Washington (CNN) -- U.S. fighter jets have been flying bombing and strike missions against Libyan air defenses even after control of the operation was handed over to NATO, Pentagon spokesman Col. David Lapan said Wednesday.
Public comments by U.S. officials since the handover had previously indicated that the U.S. mission had largely been limited to support roles, such as refueling and electronic jamming.
The U.S. aircraft assigned to NATO for these roles include six F-16 fighter jets and five EA-18 jets, which are equipped to jam electronic signals but also are capable of firing missiles. They have flown 97 sorties since April 4, and on three occasions U.S. aircraft fired ordnance, according to data provided by the Pentagon.
The revelation comes as divisions have arisen within NATO over the mission. British Foreign Secretary William Hague and French Foreign Minister Alain Juppe both called Tuesday for NATO to get more aggressive in Libya, and Abdel Hafiz Ghoga, deputy chairman of the Libyan National Transitional Council, urged the international community to implement a U.N. Security Council resolution that calls for "all necessary measures to protect civilians under threat of attack."
At the time of the mission handover to NATO control, U.S. officials, including President Barack Obama, said the American input would be more support than kinetic.
"The United States will play a supporting role -- including intelligence, logistical support, search-and-rescue assistance, and capabilities to jam regime communications. Because of this transition to a broader, NATO-based coalition, the risk and cost of this operation -- to our military and to American taxpayers -- will be reduced significantly," the president said when he spoke about the changing Libya mission on March 28.
Also in March, Secretary of Defense Robert Gates told the House Armed Services Committee, "We will not be taking an active part in the strike activities, and we believe that our allies can sustain this for some period of time."
The U.S. fighter jets have been assigned to NATO, Lapan told reporters at the Pentagon on Wednesday, and NATO does not have to ask the United States for permission to use the aircraft. Lapan indicated he was disclosing the missions for the first time, and said he simply had not been asked about them before.

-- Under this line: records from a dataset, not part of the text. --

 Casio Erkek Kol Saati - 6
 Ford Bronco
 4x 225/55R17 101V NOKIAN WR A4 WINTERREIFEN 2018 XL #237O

NATO, however, does have to ask for permission to use aircraft such as A-10s and AC-130s to strike targets like Libyan armor and troops on the ground in an effort to protect civilians from attack. Those planes, capable of firing machine guns with great accuracy, stopped flying last week, despite criticism from some, including influential senators, who said the United States was taking key offensive capabilities away even though the allies do not have the ability to fill the void.
A U.S. military official with direct knowledge of the air defense strikes insisted they are "defensive missions" and part of the support efforts the United States is still flying.
"It's a defensive mission pure and simple," the official said.
"We didn't feel there was a need to identify each and every mission," the official said.
Lapan said the U.S. aircraft assigned to NATO are ordered to defend the pilots who are enforcing the no-fly zone, and nothing more. NATO, he said, must still request U.S. strike aircraft should they want them for offensive operations.
In addition to the 11 U.S. fighter aircraft being used by NATO, Lapan listed other assets the United States has provided to the alliance.
They include one guided-missile destroyer, one P-3C Orion maritime patrol aircraft, one EP-3E signals reconnaissance aircraft, 22 KC-135 refueling tankers, two E-3 command-and-control aircraft, two EC-130 signals and communications aircraft, two RC-135 reconnaissance aircraft, one U-2 high-altitude reconnaissance aircraft, one E-8 Joint Surveillance Target Attack Radar System, and three unmanned aerial vehicles -- two MQ-1 Predators and one RQ-4 Global Hawk.